⚡ PowerLens

How much energy does your AI model actually use? PowerLens tells you.

PowerLens measures the real power consumption of AI models running on NVIDIA Jetson devices. It reads the built-in hardware power sensors and tells you exactly how many joules each inference costs — no extra equipment needed.

Tested on real hardware. Matches NVIDIA's own measurements within 2%.

The Problem

You know how fast your model runs. You know how accurate it is.

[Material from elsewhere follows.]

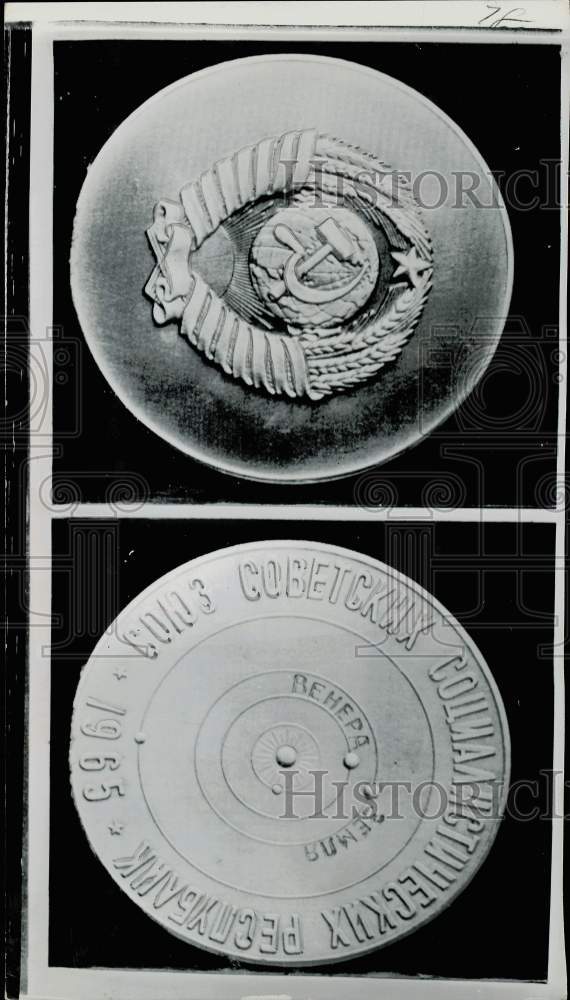 1986 Press Photo Medal with Soviet symbol taken aboard Russian satellite Venus 3- Historic Images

But do you know how much electricity it uses per inference?

If you're running AI on battery-powered devices (robots, drones, cameras), energy per inference decides how long your device stays alive. If you're deploying thousands of Jetson devices, it decides your electricity bill.

Existing tools like tegrastats show you total power once per second. They can't tell you how much energy a single inference costs, or which of your two models is more efficient.

PowerLens can.

What It Does

# Measure energy consumption of any ONNX model
powerlens profile --onnx model.onnx --runs 50

# Compare two models — which one is more efficient?
powerlens compare model_a.onnx model_b.onnx

# Test all power modes — which setting saves the most energy?
sudo powerlens power-modes --onnx model.onnx

# Check what sensors are available
powerlens detect

Real Measurements from Jetson Orin Nano

Everything below is real data from a Jetson Orin Nano. Not simulated. Five production models (MobileNetV2, ResNet-18, ResNet-34, ResNet-50, EfficientNet-B0) profiled across three power modes (15W, 25W, MAXN) with FP16 TensorRT engines. Each test started after thermal cooldown for consistent results.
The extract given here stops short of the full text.